From: Russell Wallace (russell.wallace@gmail.com)
Date: Sat Jan 01 2005 - 07:34:01 MST
On Sat, 1 Jan 2005 02:41:55 -0500, Randall Randall
<randall@randallsquared.com> wrote:
> I think I understand the question being asked here,
> and I think it's an important one, so let me try to
> ask it or a related one in a different way:
>
> When you write code, you simulate, on some level,
> what the code is doing in order to determine whether
> the algorithm you're writing will do what you intend.
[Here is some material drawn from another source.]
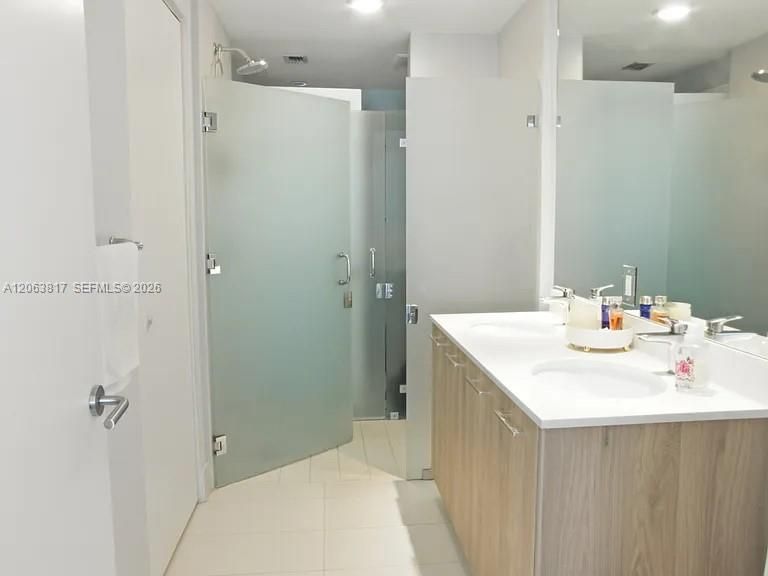 Active With Contract: $3,500 (1 beds, 1 baths, 618 Square Feet)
> However, no amount of simulation will allow you to
> design an algorithm that is more intelligent than
> you are, since it must be executable within your
> current algorithm.
It's even considerably worse than that.
Simulation can only show what an algorithm does with a particular
input, but in general the number of possible inputs will be infinite,
or at least exponentially large, and the question "is B more
intelligent than A?" is a question about B's behavior versus A's
across the set of all _possible_ inputs.
Worse still, the real world can't be exactly simulated. It can't even
be very accurately simulated with foreseeable computing power
(including nanocomputers). If you're trying to create/improve an AI
that can perform real-world tasks such as designing jet engines or
proteins, flying a remote vehicle or processing signals in real time,
there's no way to simulate how it will perform in _one_ situation, let
alone across the set of all possible situations.